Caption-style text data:

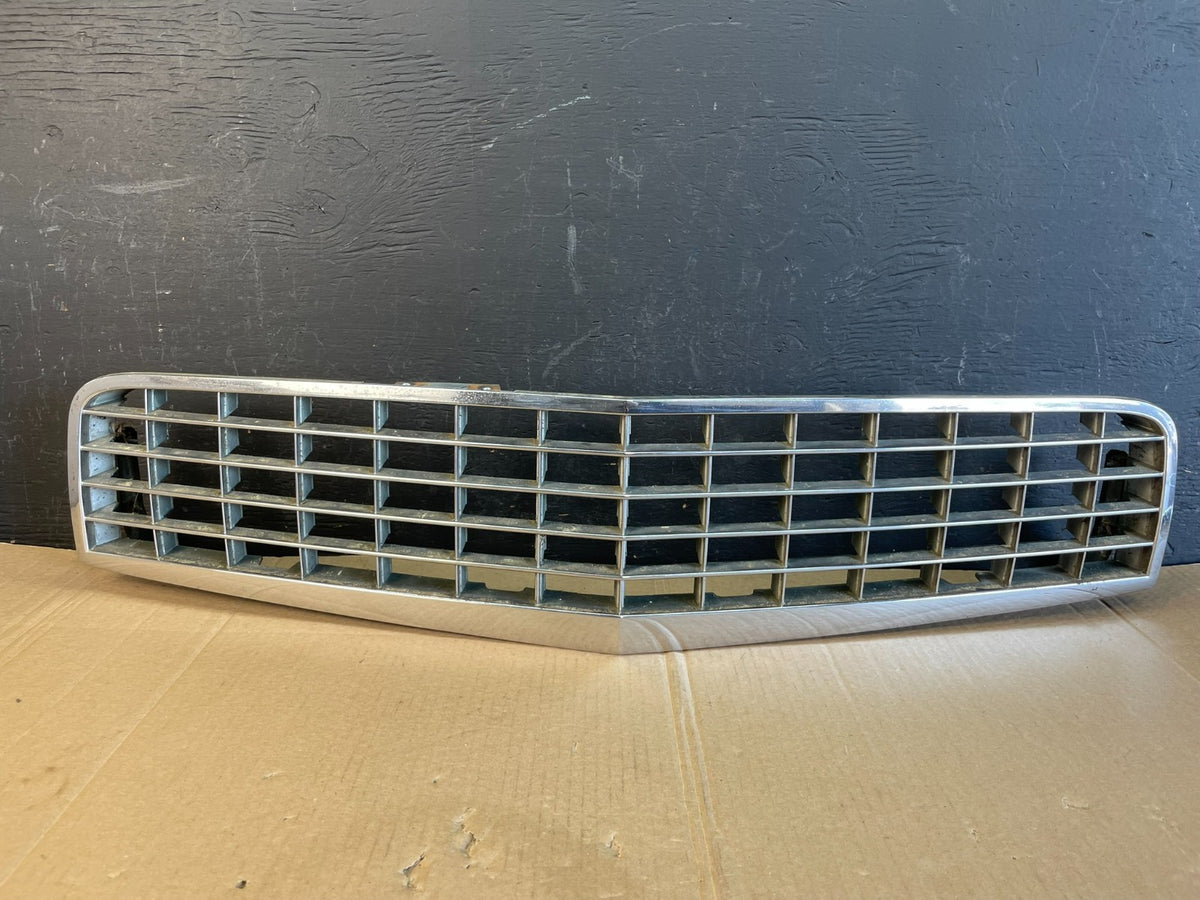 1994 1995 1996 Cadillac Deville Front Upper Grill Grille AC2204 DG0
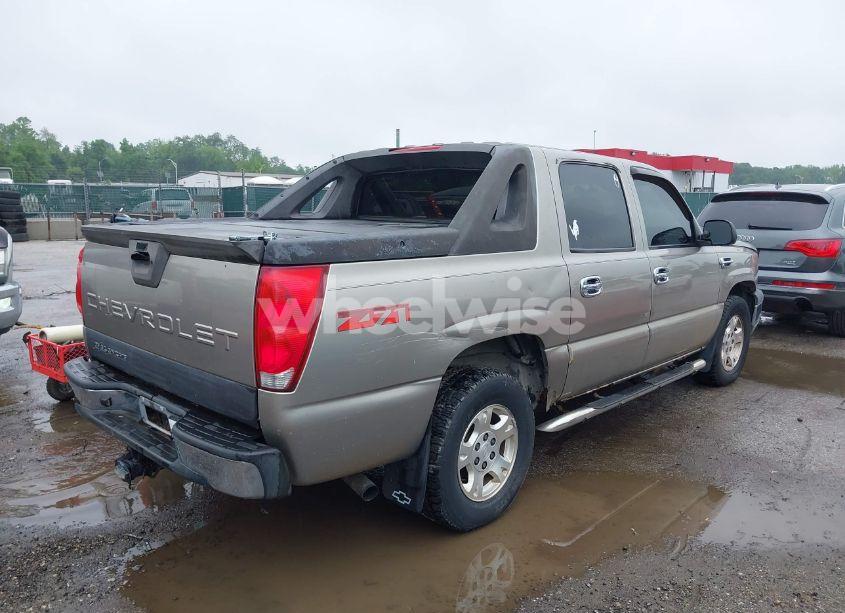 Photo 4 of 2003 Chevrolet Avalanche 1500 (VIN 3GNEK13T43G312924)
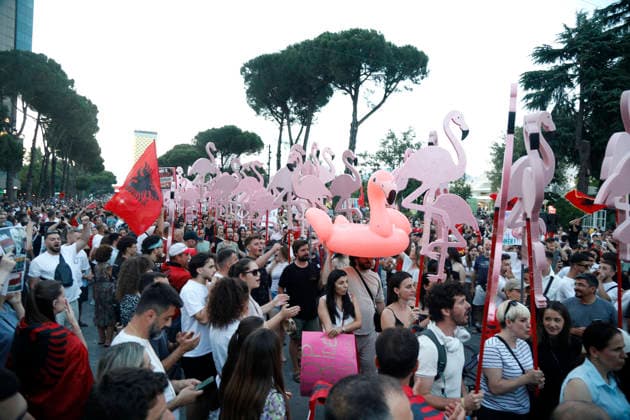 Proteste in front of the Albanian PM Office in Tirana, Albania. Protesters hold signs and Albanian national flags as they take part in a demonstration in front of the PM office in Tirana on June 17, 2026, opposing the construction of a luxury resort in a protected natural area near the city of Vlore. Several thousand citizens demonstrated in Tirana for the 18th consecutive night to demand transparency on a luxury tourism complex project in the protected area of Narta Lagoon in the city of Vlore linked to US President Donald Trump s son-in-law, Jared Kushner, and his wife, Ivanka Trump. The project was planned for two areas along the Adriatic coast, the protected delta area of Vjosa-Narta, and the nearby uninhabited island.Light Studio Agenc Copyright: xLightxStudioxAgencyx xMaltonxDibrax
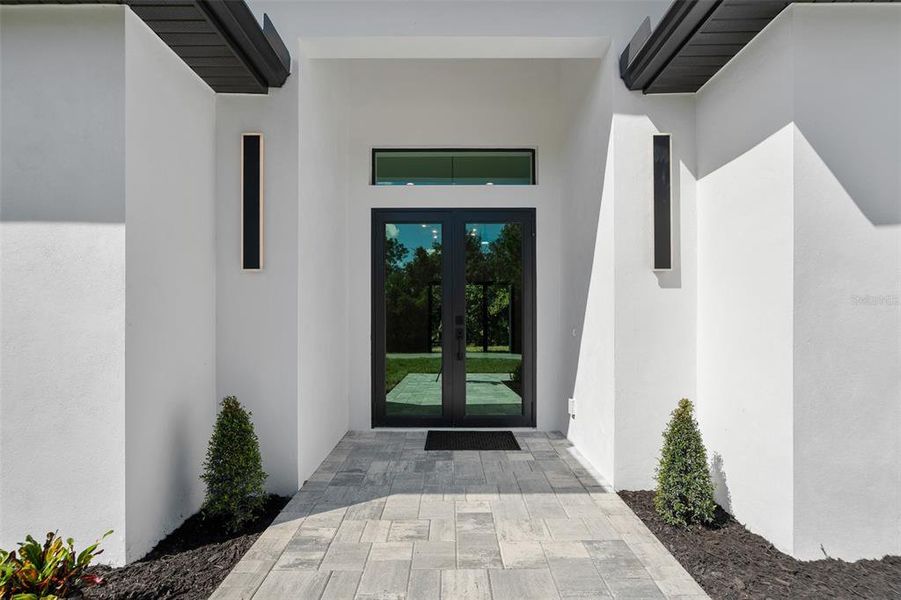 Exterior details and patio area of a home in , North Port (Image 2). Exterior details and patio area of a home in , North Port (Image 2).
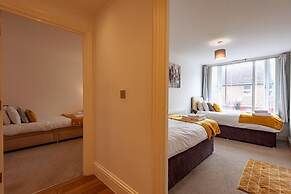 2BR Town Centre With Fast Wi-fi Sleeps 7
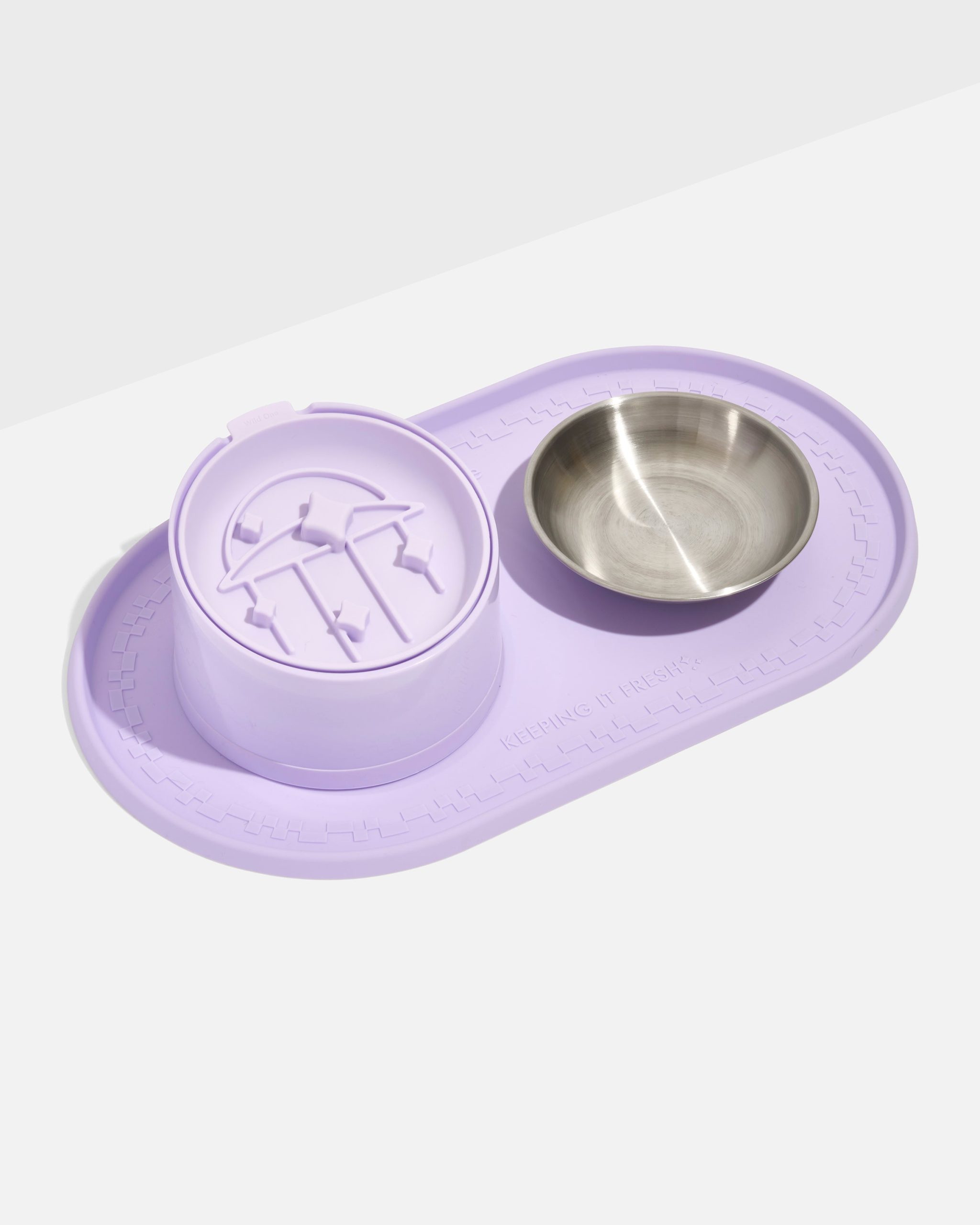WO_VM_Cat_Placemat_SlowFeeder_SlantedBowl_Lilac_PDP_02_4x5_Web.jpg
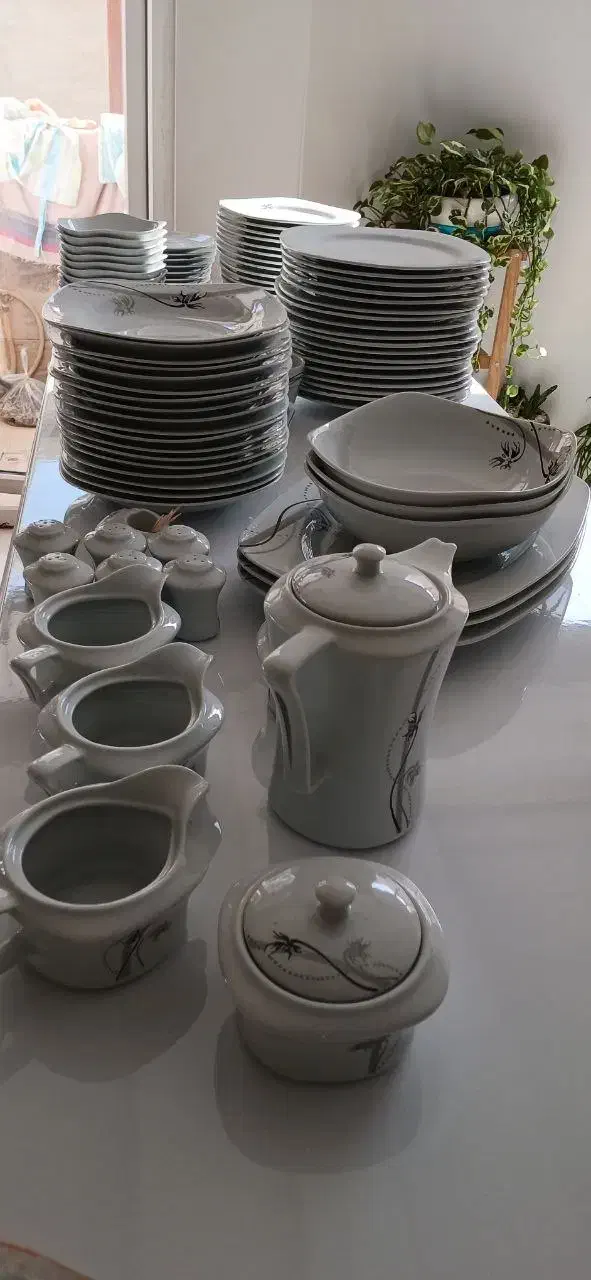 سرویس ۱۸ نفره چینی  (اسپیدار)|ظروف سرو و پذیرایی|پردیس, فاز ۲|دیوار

PROMPT :: Could you transcribe the records above exactly, leaving out any pictures?

EXPECTED ANSWER ::
 1994 1995 1996 Cadillac Deville Front Upper Grill Grille AC2204 DG0
 Photo 4 of 2003 Chevrolet Avalanche 1500 (VIN 3GNEK13T43G312924)
 Proteste in front of the Albanian PM Office in Tirana, Albania. Protesters hold signs and Albanian national flags as they take part in a demonstration in front of the PM office in Tirana on June 17, 2026, opposing the construction of a luxury resort in a protected natural area near the city of Vlore. Several thousand citizens demonstrated in Tirana for the 18th consecutive night to demand transparency on a luxury tourism complex project in the protected area of Narta Lagoon in the city of Vlore linked to US President Donald Trump s son-in-law, Jared Kushner, and his wife, Ivanka Trump. The project was planned for two areas along the Adriatic coast, the protected delta area of Vjosa-Narta, and the nearby uninhabited island.Light Studio Agenc Copyright: xLightxStudioxAgencyx xMaltonxDibrax
 Exterior details and patio area of a home in , North Port (Image 2). Exterior details and patio area of a home in , North Port (Image 2).
 2BR Town Centre With Fast Wi-fi Sleeps 7
WO_VM_Cat_Placemat_SlowFeeder_SlantedBowl_Lilac_PDP_02_4x5_Web.jpg
 سرویس ۱۸ نفره چینی  (اسپیدار)|ظروف سرو و پذیرایی|پردیس, فاز ۲|دیوار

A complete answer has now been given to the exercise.